Finally, the Internal Assessment is a student-driven research project and is a requirement for each IB subject taken. It is essentially a highly-developed formal laboratory report and is a major undertaking. Requirements for the IA are the same in both SL and HL. The Chemistry IA usually requires candidates to carry out an investigation of their own design. The IA is internally assessed and externally moderated. Teachers score the papers on a common rubric and then submit score recommendations to the IBO for moderation. The teacher’s assessment is validated using submitted feedback and a common rubric. IB then either accepts the scores or moderates them up or down.

Analyzing exam data

The AP Exam conducted in May consists of two parts: a 60-question multiple-choice section and a seven-question free-response section. Each section counts for half of the overall score and the students are allowed 195 minutes to finish. The exam is normalized to previous years through a variety of methods, one of them being 10 unscored questions out of the 60 total questions. These questions are the same year-to-year, and do not count toward the student’s score. AP Chemistry has some of the lower average scores and pass rates worldwide for an AP-level class: 2.80 out of 5 and 54.6% passed in 2019. Only the top 8-12% of students have scored a 5 each year since the 2014 curricular review, with 10.7% reaching that mark this year.6 They are never released to the public in an effort to keep the data they collect relevant. These questions, along with other methods that College Board uses to moderate the exam, serve to keep these numbers remarkably stable from year-to-year.

The IB External Exam is completed in three parts, called “papers,” over two days. Each paper covers a specific part of the course. They consist of a 40-question multiple-choice section covering the core content, a 95-point free-response section covering the core content, and a 45-point free-response section consisting of a data-based question and questions about the optional content. Candidates are allowed 270 minutes total to complete the exam. IB Chemistry SL had one of the lowest Group IV SL pass rates in May 2019 (59%) with an average score of 4.01. Only 5.4% received a score of 7 in May 2019. IB Chemistry HL has a higher pass rate, probably reflecting the kinds of students it attracts. This pattern is reflected in other subjects and groups, with HL scoring better than their SL counterparts. For the May 2019 exam, the pass rate was 72%, with an average score of 4.50. Just 8.5% of candidates received a 7 on their exams.7 Much like the AP exam, the IB exam is extensively analyzed and normalized through various methods. This process has kept scores remarkably consistent over the past four years.

Bottom line

Do students even really know what they want or which program would be the best fit for them? This is a tricky question. In my personal experience, teaching at an international school in Asia, students are very concerned with scores. There is a perception that only the most difficult courses count, and that if the students don’t get a perfect score they will not go to university. This is a widespread cultural perception that is reinforced by family and society. Students and parents will do almost anything to get into these advanced courses, even if an advanced course is not an appropriate choice. Not many schools offer both curricula, but for those that do, the role of the guidance counselor becomes even more important in helping students navigate the tricky decision of which course is best for them.

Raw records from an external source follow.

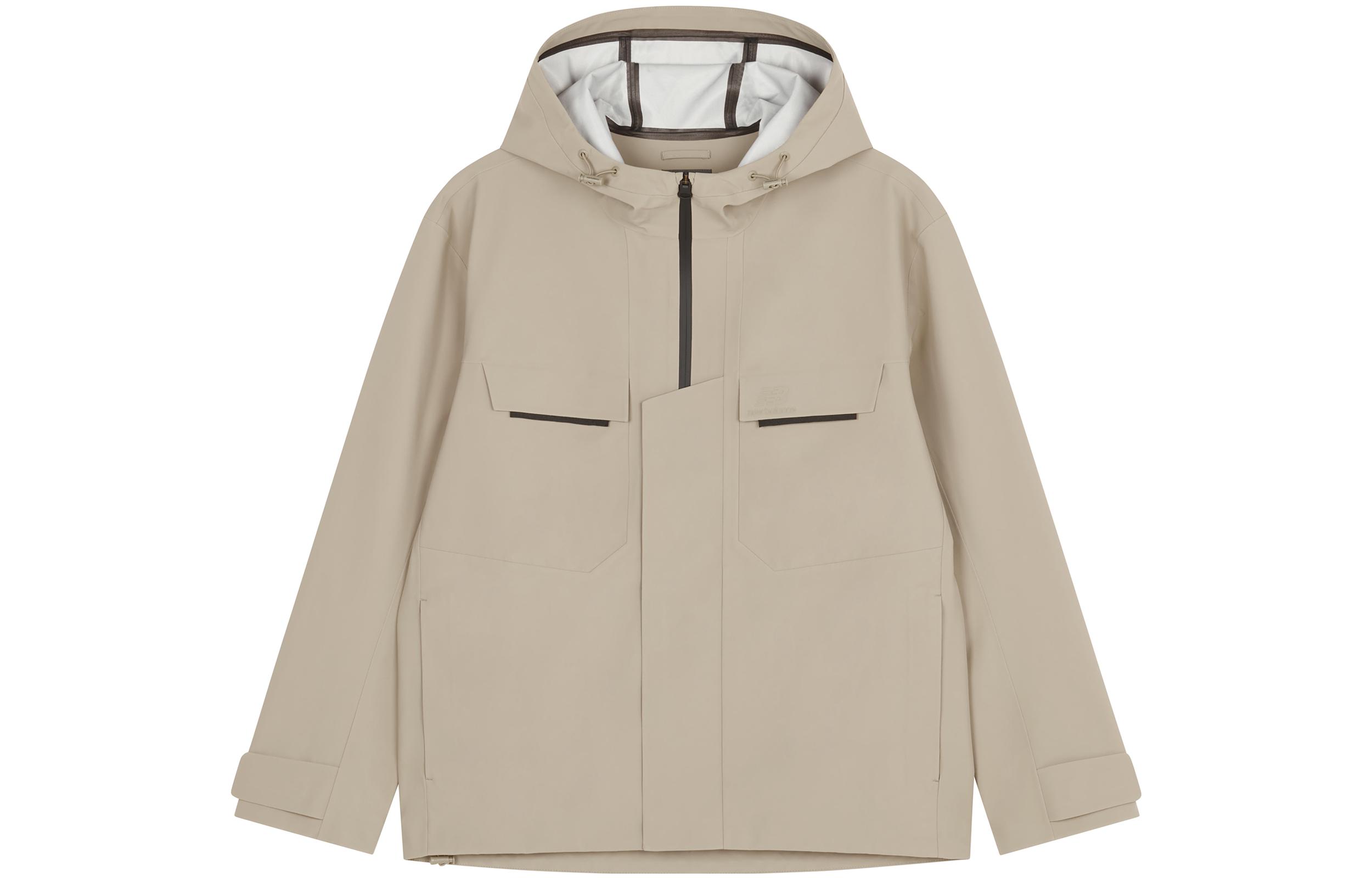 New Balance Khaki Full-Zip Hoodie Jacket 5AD37121-LBE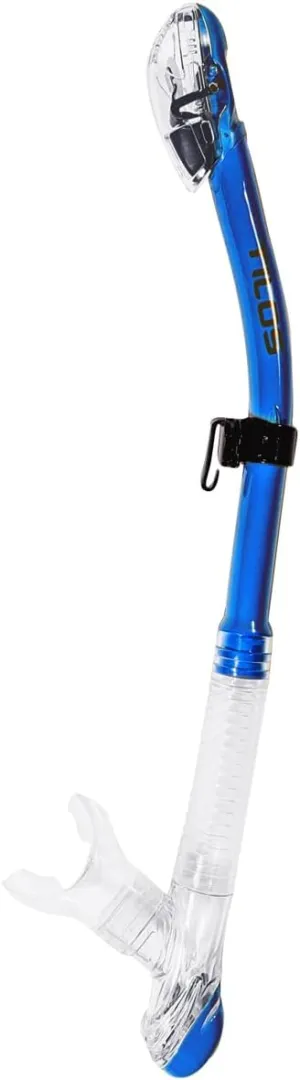Tilos Ari Dry Snorkel - Ultimate Waterproof Breathing Tube for Scuba & Snorkel Adventures | Patented Dry Top & Comfy-Bite Mouthpiece
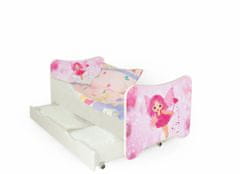 Dětská postel HAPPY FAIRY – včetně roštu a matrace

So, the big question is which is best for your students? It really depends on what they want out of the program. Do they want a deep dive into content and data analysis, but don't have two years to do it? Do they want exposure to organic chemistry, but don’t want to worry about the complexities of mechanisms or applications? Do they want to do labs, but are not necessarily interested in doing their own research? If the answer to these questions is yes, then AP is for them. On the other hand, do they want a broad exposure to chemistry, with explicit connections to their other courses of study? Do they want to dip their toes into the ocean of organic chemistry? Do they want to undertake their own research projects to satisfy their own curiosity? If the answer to these questions is yes, then IB is for them. In the end, Advanced Placement and International Baccalaureate have more similarities than differences — they are both accepted by universities around the world, and both offer a good exposure to advanced chemistry for any high school student.


  1. Total Registration. 2019 AP Exam Score Distributions web page. https://www.totalregistration.net/AP-Exam-Registration-Service/AP-Exam-Score-Distributions.php (accessed Aug 14, 2019).
  2. International Baccalaureate Organization. IB Diploma Programme Provisional Statistical Bulletin, May 2019 Examination Session. https://www.ibo.org/contentassets/bc850970f4e54b87828f83c7976a4db6/dp-statistical-bulletin-may-2019-en.pdf (accessed Aug 14, 2019).
  3. College Board. AP Chemistry Course and Exam Description, Effective Fall 2019. https://apcentral.collegeboard.org/pdf/ap-chemistry-course-and-exam-description.pdf (accessed Aug 14, 2019).
  4. International Baccalaureate Organization. International Baccalaureate Diploma Programme Subject Brief, Sciences: Chemistry — Higher Level. https://www.ibo.org/globalassets/publications/recognition/chemistryhl2016englishw.pdf (accessed Aug 14, 2019).
  5. International Baccalaureate Organization. IB Diploma Programme Chemistry Guide, First Assessment 2016. https://www.ibchem.com/root_pdf/Chemistry_guide_2016.pdf (accessed Aug 14, 2019).
  6. Total Registration. 2019 AP Exam Score Distributions web page. https://www.totalregistration.net/AP-Exam-Registration-Service/AP-Exam-Score-Distributions.php (accessed Aug 14, 2019).
  7. International Baccalaureate Organization. IB Diploma Programme Provisional Statistical Bulletin, May 2019 Examination Session. https://www.ibo.org/contentassets/bc850970f4e54b87828f83c7976a4db6/dp-statistical-bulletin-may-2019-en.pdf (accessed Aug 14, 2019).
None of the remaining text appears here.